The contract was approved unanimously by the MCIA last week, with specific details provided to the Morris County Board of Freeholders at their work session in Morristown this morning by MCIA Counsel Matthew Jessup. HESP, which was the low bidder, has partnered with California-based Barrier Solar as its subcontractor on the solar projects.
Work is expected to proceed on several ground-mounted solar projects in mid-to-late May, with work on all of the projects to be completed between September and November of this year.
The projects remain eligible for a 27.4 percent reimbursement for site construction from the federal government through the Federal 1603 Program, which requires work to be completed by a Dec. 31, 2016 deadline.
To view the contract approved by the MCIA, visit: https://improvement.morriscountynj.gov/wp-content/uploads/2016/04/605502_3.pdf
“The authority looked very carefully at the solar sites to be developed, taking a very conservative approach to virtually ensure that this round of solar development will generate revenue while also saving dollars by reducing energy needs for participating towns and school districts – and also including county sites,’’ said Freeholder Deborah Smith, the county governing board’s liaison to the MCIA. “We expect this to go much better than the first round of this solar endeavor, and to pay off some of our previous solar debts.’’
The nine projects to be developed include:
- Morris County Library, Hanover Township, roof and canopy panels;
- Morris County Public Safety Training Academy, Parsippany, roof and canopy panels;
- Morris County Office of Temporary Assistance tract, Morris Township, ground panels;
- Chatham High School, roof panels;
- Chester Township municipal building, ground panels;
- Sandshore Elementary School, Mount Olive, ground panels;
- Tinc School, Mount Olive, ground panels;
- Long Valley Middle School, Washington Township, ground panels
- Benedict A. Cucinella School, Washington Township, roof panels.
The contract includes a monetary penalty clause if certain construction deadlines are not met, and includes a bonus provision if properly done work is completed ahead of deadlines. Also, construction performance and payment bonds are required for each project.
The freeholders in November, 2015, approved construction of 9 solar projects after a comprehensive and exhaustive review of the economics of 16 potential solar sites across the county.
The board employed a conservative assessment of each of the 9 sites to be constructed regarding their future economic viability.
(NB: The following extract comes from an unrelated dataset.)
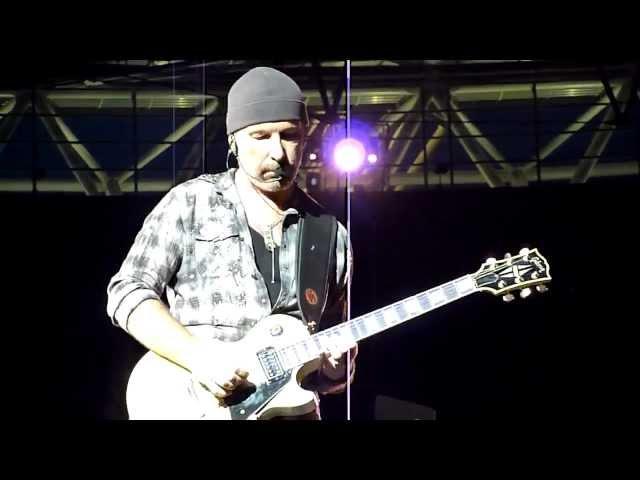 U2 Unknown Caller (360° Live At Wembley Stadium) [Multicam 720p By Mek with U22's Audio]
It also made a significant effort to project, as best as possible, that the solar power that is generated will produce revenue to help pay off past Solar 2 project debt and provide long-term energy cost savings for the county, local governments and school districts that are hosting the solar panels.
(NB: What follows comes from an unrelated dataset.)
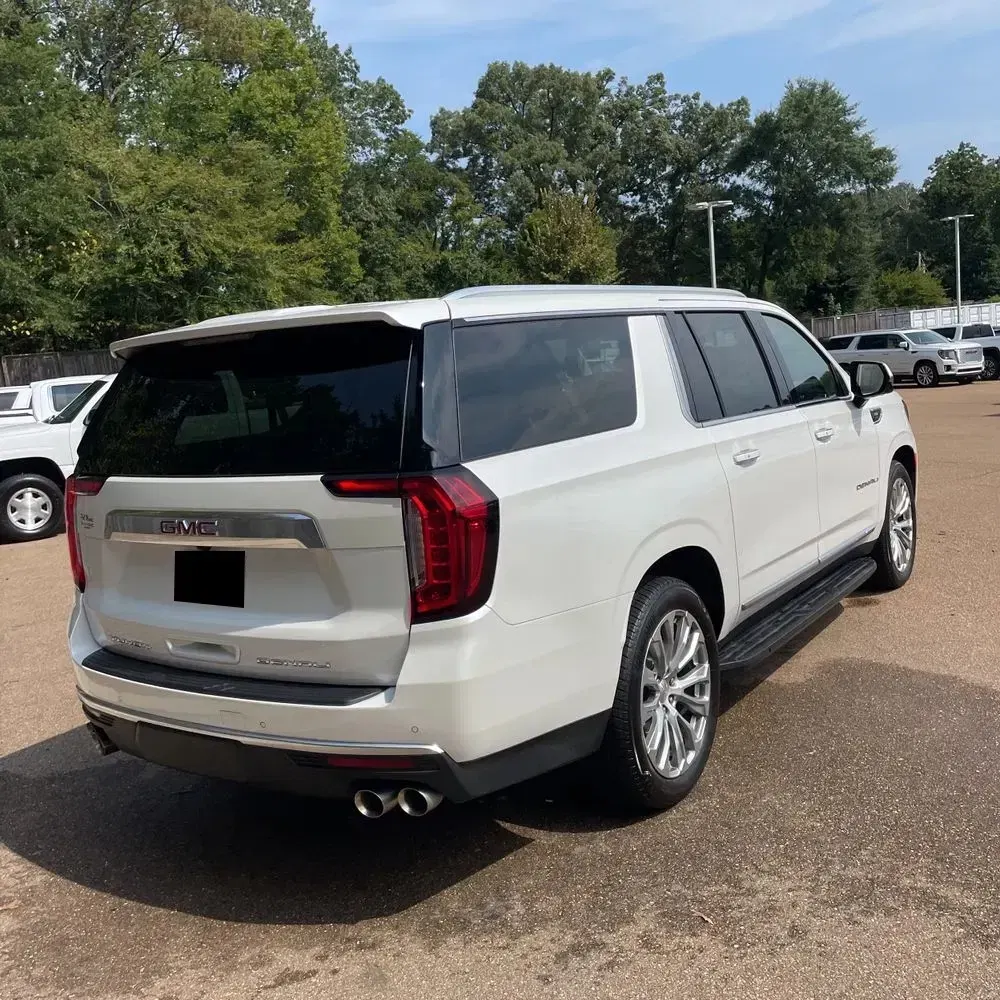 2024 GMC Yukon XL Denali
The primary objective of the review process was to select only sites that presented the ability of generate enough revenue to cover their respective portion of debt service, operating and maintenance costs, and the likelihood of producing excess revenues to help pay off previous Solar 2 Program debt.
The work of a specially formed committee centered on the financial viability of completing all, some, or none, of the unbuilt sites in the Solar 2 program with the goals of:
- Minimizing the county’s financial exposure on bonds originally issued to fund Solar 2;
- Minimizing risks associated with Solar 2 Project completion, if undertaken;
- Providing budget relief to county and local units through energy savings.
In 2011, the MCIA sold $34.1 million in county-guaranteed bonds to help finance the MCIA’s renewable energy program to install solar panels at 30 municipal and school sites in Morris County to generate power and reduce energy costs for the participants. Of those projects, 17 have been fully built and are up and running.
However, due to a variety of factors – including a legal battle between renewable energy program’s developer and contractor — the Solar 2 Program has faced financial deficits, prompting the very conservative review and decision making on this latest round of projects.